In action

CARETTA was launched in 1898 at Devonport Dockyard, part of a new breed of small armed boats that were designed to protect the fleet at anchor and allow armed patrols. CARETTA would have been assigned to a battleship or heavy cruiser.

She was fitted with two steam engines to driver her twin screws, but also with a sailing rig to help stabilize the vessel in rough conditions. It is unlikely that this rig was ever used for propulsion, it would need extremely strong winds to get the vessel's 15 tons to move. 

CARETTA was fitted with a 'bow chaser' gun that was mounted in the middle of her fore deck. After commissioning she was sent to the Boer War where she served as a river patrol boat. On her return she was assigned to the fleet. During the lead up to the First World War, she effectively became obsolete as more powerful armed patrol boats were developed. These had more efficient engines and heavier armament.

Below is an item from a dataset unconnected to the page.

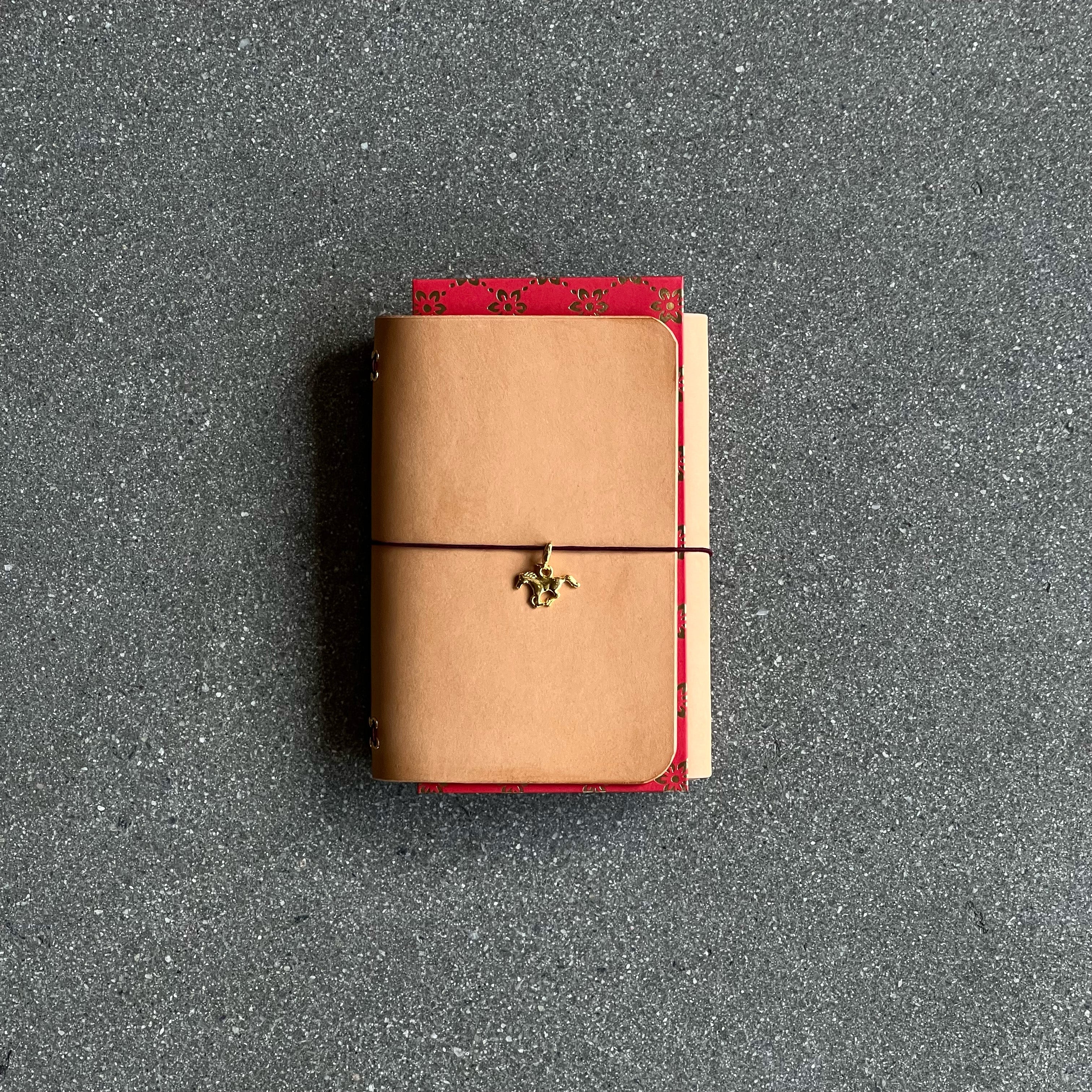 “lunar new year” (A6)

In 1915, due to her expendability, CARETTA was re-assigned to the fleet and sent to the Dardanelles to assist in the landing of troops. She had her bow chaser removed and her gun mount was moved to the fore peak. She was then fitted with a Maxim machine gun to give her a higher rate of firepower and allow her to cover troops landing on the beaches at Gallipoli. A photograph from the time is believed to show CARETTA at Anzac Cove-her twin funnels are shown. Her Gun Mount is still on board today and is situated under the galley worktop.

After the Gallipoli Campaign CARETTA returned to serve as an officer's launch at her home port. At the end of the War, the Navy tried to fit her with several internal combustion engines, but all the results were unsatisfactory.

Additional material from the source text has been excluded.